WHAT TO PRODUCE:
Out of the entries that follow, copy each line containing "following".

SOURCE DATA:
○ ○ ○ ○ ○ ○ ○
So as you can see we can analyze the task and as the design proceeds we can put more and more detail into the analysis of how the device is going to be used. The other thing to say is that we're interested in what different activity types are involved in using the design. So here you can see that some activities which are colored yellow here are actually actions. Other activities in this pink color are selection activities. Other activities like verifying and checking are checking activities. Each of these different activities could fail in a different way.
○ ○ ○ ○ ○ ○ ○
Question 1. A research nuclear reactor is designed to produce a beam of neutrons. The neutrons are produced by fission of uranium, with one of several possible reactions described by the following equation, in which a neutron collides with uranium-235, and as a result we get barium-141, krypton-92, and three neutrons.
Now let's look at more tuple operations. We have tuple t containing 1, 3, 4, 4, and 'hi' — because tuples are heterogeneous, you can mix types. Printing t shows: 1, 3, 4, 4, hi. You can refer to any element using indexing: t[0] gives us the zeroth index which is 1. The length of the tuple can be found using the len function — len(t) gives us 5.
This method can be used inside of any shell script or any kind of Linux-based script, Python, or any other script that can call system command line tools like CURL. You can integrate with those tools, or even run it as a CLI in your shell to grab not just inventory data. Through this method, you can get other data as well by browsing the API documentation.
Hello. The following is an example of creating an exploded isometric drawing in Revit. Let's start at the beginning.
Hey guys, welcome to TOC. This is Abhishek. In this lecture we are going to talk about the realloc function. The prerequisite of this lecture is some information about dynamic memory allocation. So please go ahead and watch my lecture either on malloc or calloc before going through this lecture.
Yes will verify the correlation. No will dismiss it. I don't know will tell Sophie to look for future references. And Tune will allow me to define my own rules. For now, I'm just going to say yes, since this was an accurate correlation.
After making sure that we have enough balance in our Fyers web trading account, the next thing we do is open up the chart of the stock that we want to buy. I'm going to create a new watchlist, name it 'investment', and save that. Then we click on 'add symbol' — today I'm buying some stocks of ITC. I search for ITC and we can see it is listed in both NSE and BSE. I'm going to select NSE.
○ ○ ○ ○ ○ ○ ○
EXERCISE RESPONSE:
Question 1. A research nuclear reactor is designed to produce a beam of neutrons. The neutrons are produced by fission of uranium, with one of several possible reactions described by the following equation, in which a neutron collides with uranium-235, and as a result we get barium-141, krypton-92, and three neutrons.
Hello. The following is an example of creating an exploded isometric drawing in Revit. Let's start at the beginning.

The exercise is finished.